I returned last night to check out the rest of the Spaceflight Museum in Second Life. In my first visit, I remarked that this sim showed the enormous potential of Second Life for education. What I didn’t mention was the power of Second Life to inspire and evoke powerful feelings.
Last night, my friend Beckto Babcock and I were zooming around the Museum, checking out all the rockets and cool toys — like a simulation of a mechanical arm used to manipulate satellites that you can operate by remote control. Then we headed to a rocket that we could board and lift off to an orbitting space station. The visual and sound effects simulating sitting in the rocket’s cockpit, leaving the atmosphere and docking with the station were impressive.

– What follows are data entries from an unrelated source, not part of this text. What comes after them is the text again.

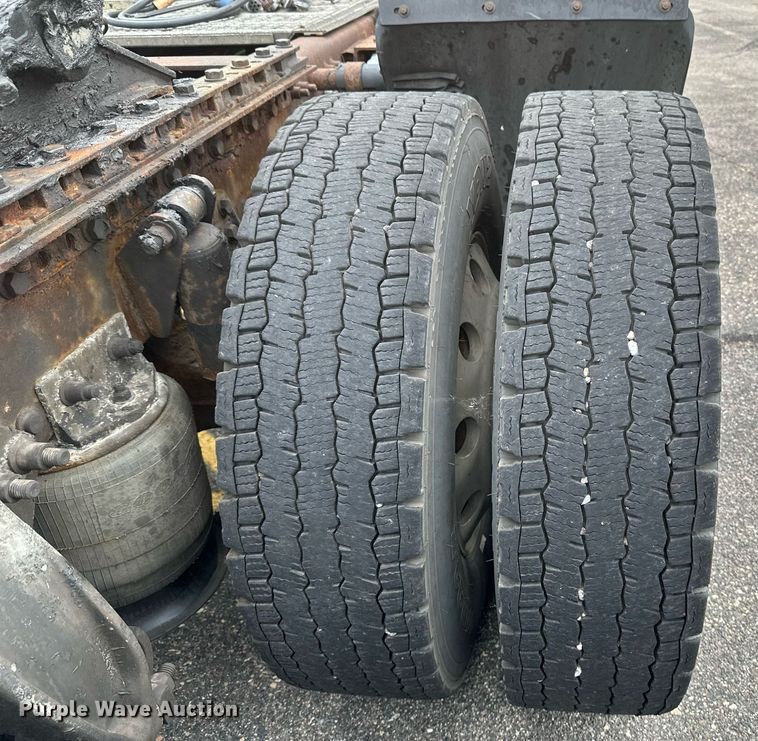 image for item EB2640 2003 Freightliner Columbia 120 semi truck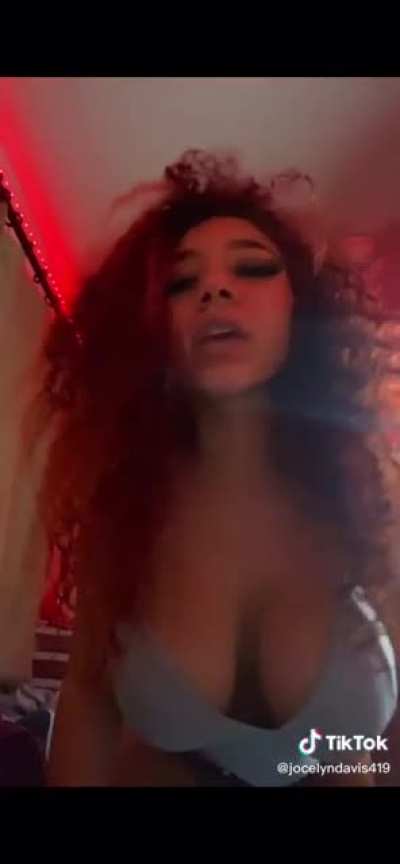 👀🍒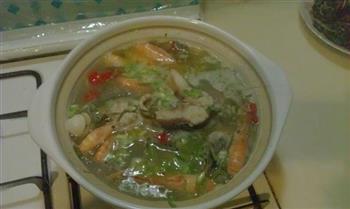 鲜椒金汤河鲜汇怎么做，鲜椒金汤河鲜汇怎么做好吃，鲜椒金汤河鲜汇做法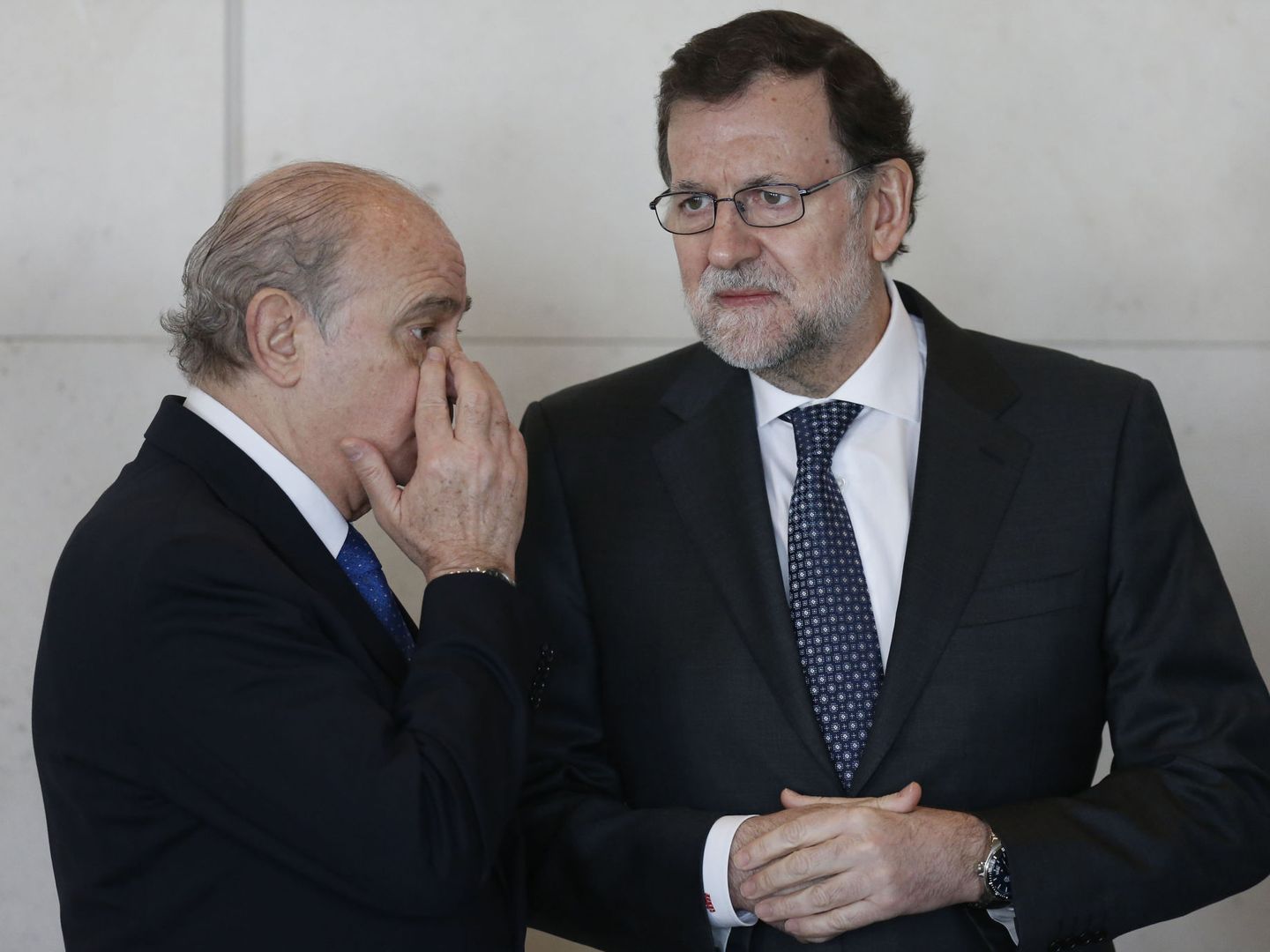 Jorge Fernández Díaz y Mariano Rajoy. (EFE)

From the orbitting station, you get a near orbit view of the Earth laid out below you. Then from there, you can teleport around the solar system, getting up-close views of all the planets. You can not help but feel more peaceful "up there" with the stars twinkling around you in the black. We ran into a couple making out around Mercury, which seemed like a natural thing to do.
Standing before the immense orb of Jupiter, I was struck by the power of these 3D simulations to elicit awe and wonder. Obviously the volunteer creators of these planet simulations were motivated by that same spirit to painstakingly re-create these celestial bodies.
Ultimately education is more than just the imparting of facts and data. It’s supposed to be about opening up minds to new worlds and nurturing that creative and exploratory spark that everyone has. An inspired teacher, a good book, a well-made movie, a museum can all play a role in this. If CSI can lead to explosive rates of enrollment in schools of forensic science, there’s no reason why a 3D simulation of rockets and the solar system can’t encourage the next generation of rocket scientists and astronauts.